===== TASK INPUTS =====
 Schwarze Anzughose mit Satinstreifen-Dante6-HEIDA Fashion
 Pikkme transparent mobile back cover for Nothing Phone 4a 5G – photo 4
=====
===== TASK INPUTS =====
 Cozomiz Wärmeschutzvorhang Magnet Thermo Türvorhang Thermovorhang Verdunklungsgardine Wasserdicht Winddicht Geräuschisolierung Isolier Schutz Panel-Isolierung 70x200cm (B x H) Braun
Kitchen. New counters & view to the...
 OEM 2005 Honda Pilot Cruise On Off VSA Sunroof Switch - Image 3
=====
▶ _DIRECTIONS_:
Write out exactly the lines above from the line with "Schwarze Anzughose mit" through the line with "Pikkme transparent mobile", both of them included, and leave out all other lines.

▶ _WRITTEN RESPONSE_:
 Schwarze Anzughose mit Satinstreifen-Dante6-HEIDA Fashion
 Pikkme transparent mobile back cover for Nothing Phone 4a 5G – photo 4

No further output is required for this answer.